Speaking to IBTimes UK on Thursday (30 November), at the Opec Ministers' Summit in Vienna, Austria, Al-Sada said: "Global oil demand remains robust. In fact, throughout the climate of low oil prices that we have seen over the last three years, demand has always been healthy in the face of oversupply."

Earlier this month, IEA's forecast - hitherto more bullish than Opec's - suddenly logged a downward revision. The agency lowered its demand estimate for next year by 200,000 barrels per day (bpd) to 98.9 million bpd.

Concurrently, its forecast for demand growth projection was also lowered by 100,000 bpd to 1.3 million bpd. "The market balance in 2018 does not look as tight as some would like, and there is not in fact a new normal capable of keeping prices above $60 per barrel," it concluded.

The downward revision came hot on the heels of Opec's more upbeat projection, as it forecast demand for its oil next year to rise by around 400,000 bpd from the previous month to 33.4 million bpd. What is described as a 'call on Opec', i.e. a direct pull on Opec-produced crudes, was also revised higher by 200,000 bpd for this year.

Al-Sada admitted there was a clear divergence, but added that macroeconomic fundamentals pointed to steady growth in global crude demand.

"I agree with you that the divergence in market forecasts is sometimes apparent. However, forecasts, by their very nature, depend on models and parameters plugged-in to the forecasting model. While the exact numbers may not match, I think there is a good correlation between forecasts for 2018 among the various agencies."

Al-Sada said demand from emerging economies continues to underpin global oil and gas consumption, with many of his Opec peers looking at India, a major importer that recently overtook Japan to be the world's third-largest crude oil consumer after the US and China.

"India leads the pack of emerging economies posting high single-digit economic growth. Their hydrocarbon demand is increasing, and from Qatar's perspective, we are ideally placed geographically and commercially to cater to cargoes heading east.

"With New Delhi in particular, we have a very good working relationship on the natural gas front. The very first cargo of LNG to India came from Qatar and the relationship is increasing and solidifying."

The Qatari minister also said the ongoing "historic cooperation" between Opec and non-Opec oil producers, that has resulted in 1.8 million bpd of output cuts, has been a success.

Opec said inventories in developed economies fell by 23.6 million barrels in September to 2.985 billion barrels; 154 million barrels above the five-year average.

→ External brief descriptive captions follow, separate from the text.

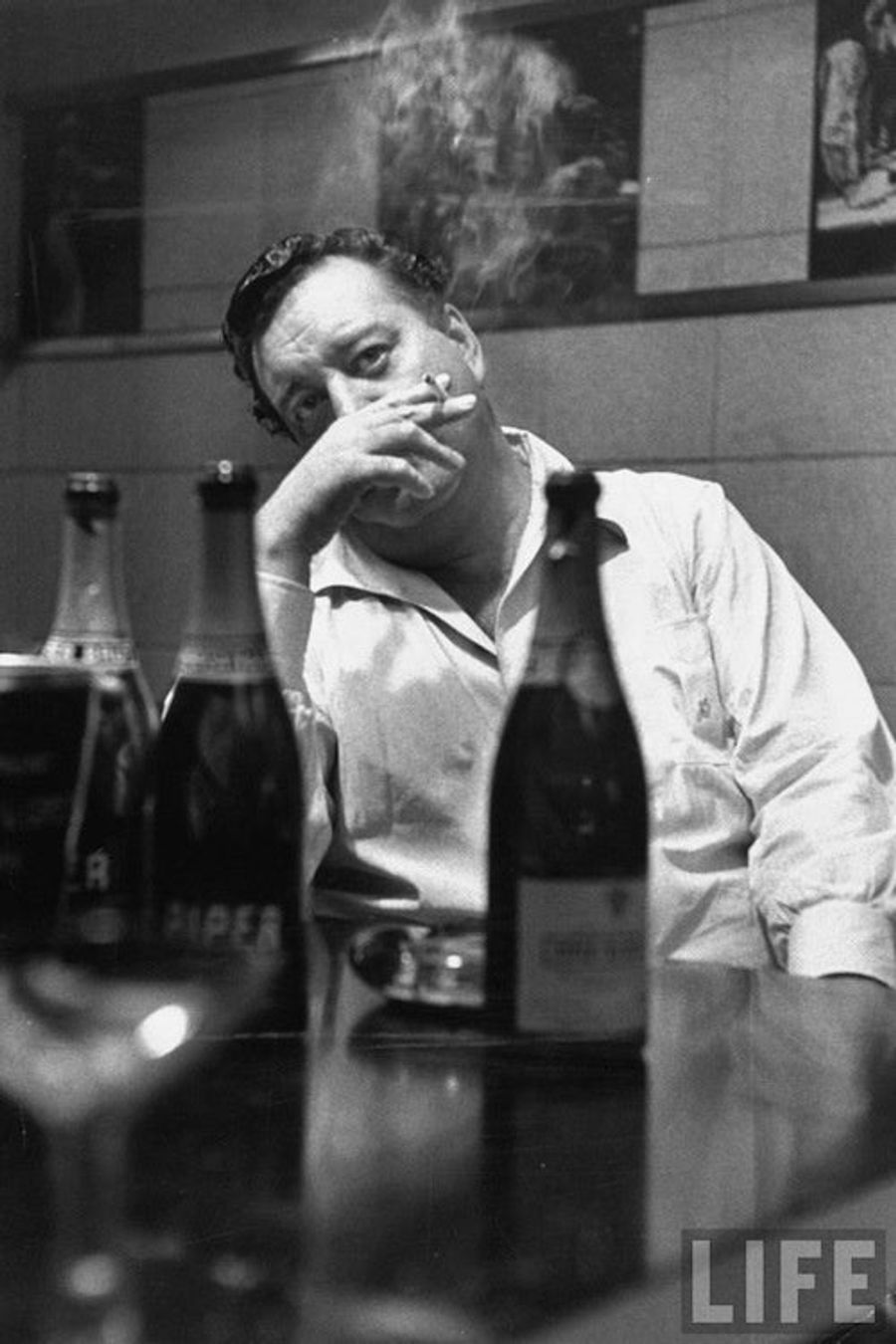 Jackie Gleason Shows Us The Proper Way To Bomb On TV: With Self-Deprecation And Booze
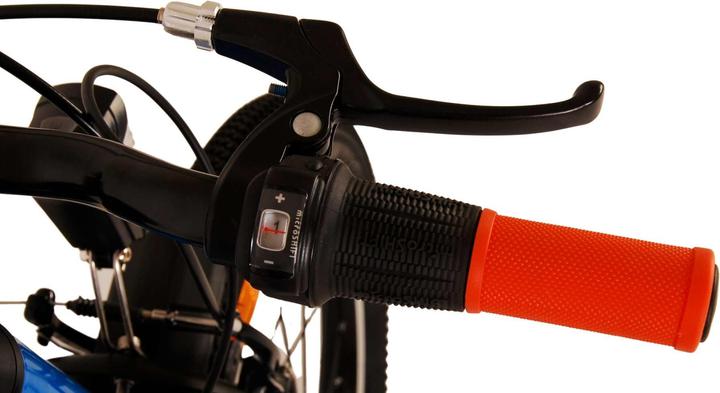 Actual product image Volare Cross Kinderfiets - Jongens - 20 inch - Blauw - 6 versnellingen (20")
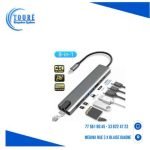 Haysenser USB- C Multiport HUB 8 in 1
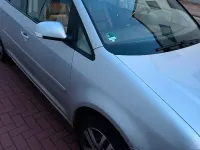 Gebraucht VW Touran 150 PS (110 kW) 2004 Silber Van / Kleinbus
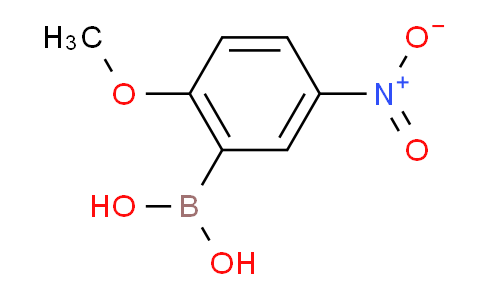 SL12623 | 677746-35-9 | 2-methoxy-5-nitrophenylboronic acid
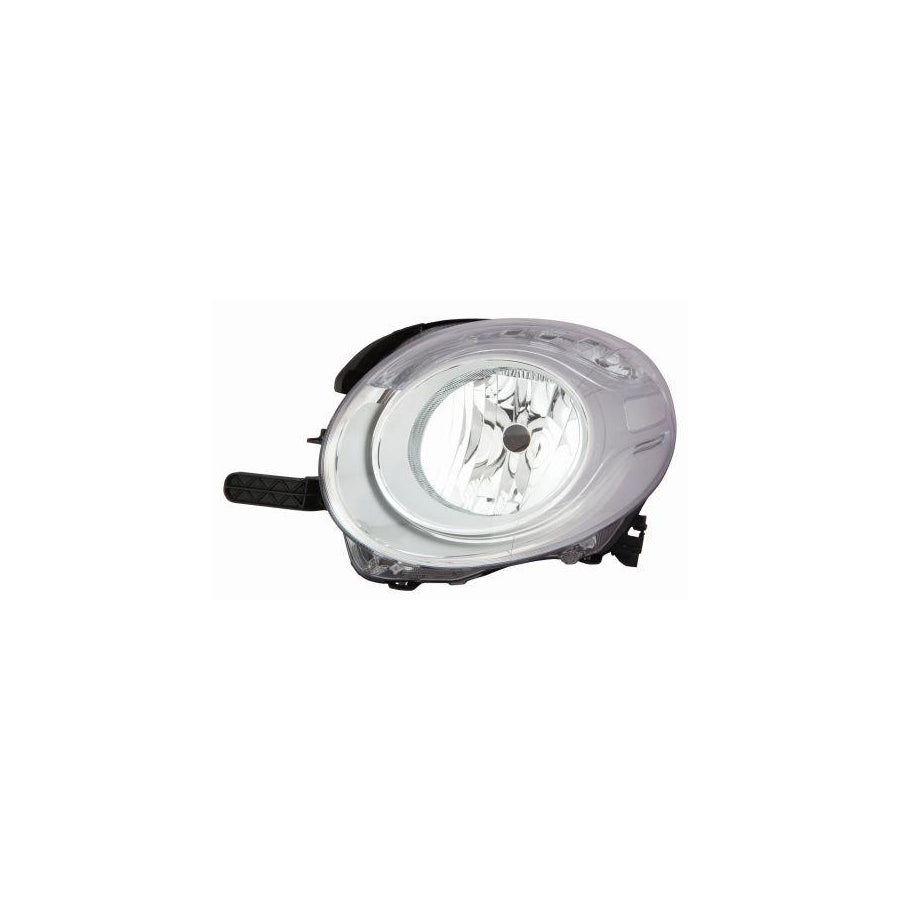 Abakus 6611170Rmldem Headlight for Fiat 500L (351, 352)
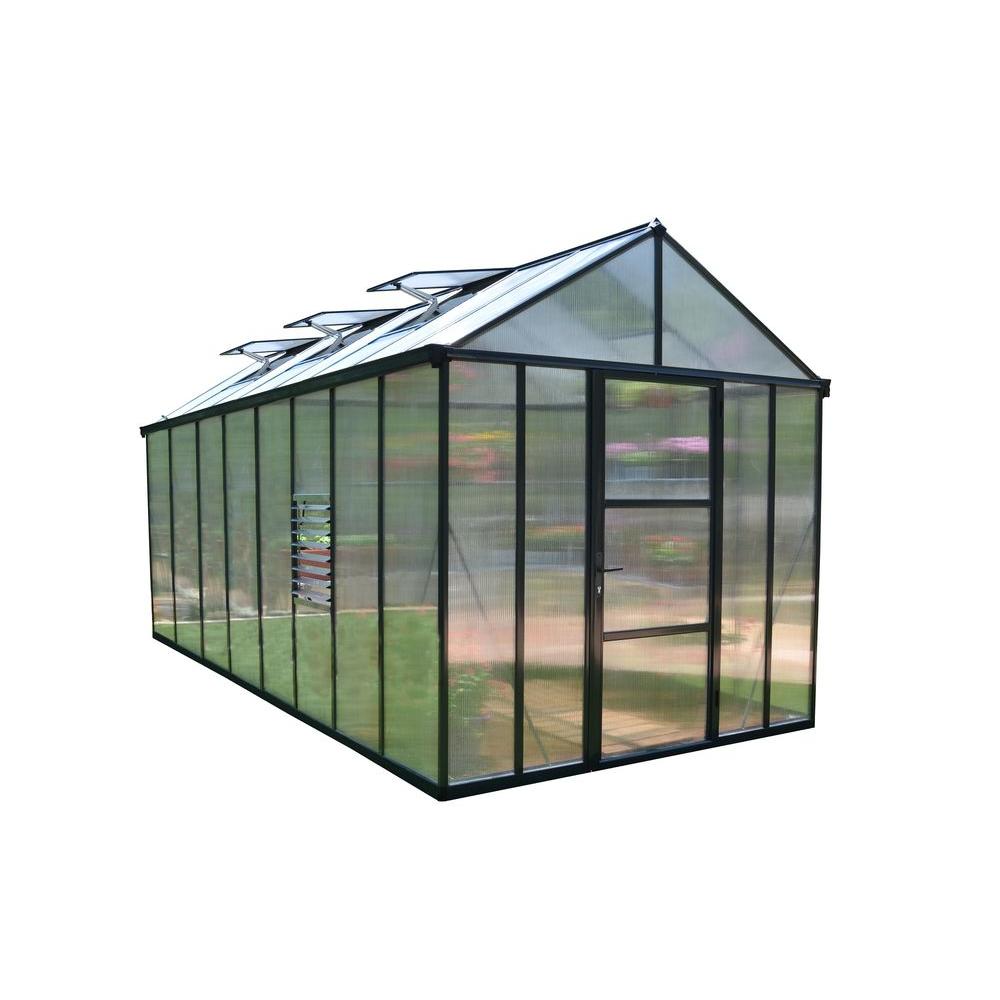 Palram 42 Or Greater The Home Depot - Palram Harmony Greenhouse 8×10 Palram 42 Or Greater The Home Depot - Palram Harmony Greenhouse 8×10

"The figure gives reason for optimism. The agreement we reached in May [to roll over production cuts] has seen a more balanced market, and this success needs to be capitalised on as I see room for more cooperation between oil producers."

Al-Sada also said it was his belief that US shale oil has been "fully absorbed and is now part and parcel of the global crude oil supply portfolio."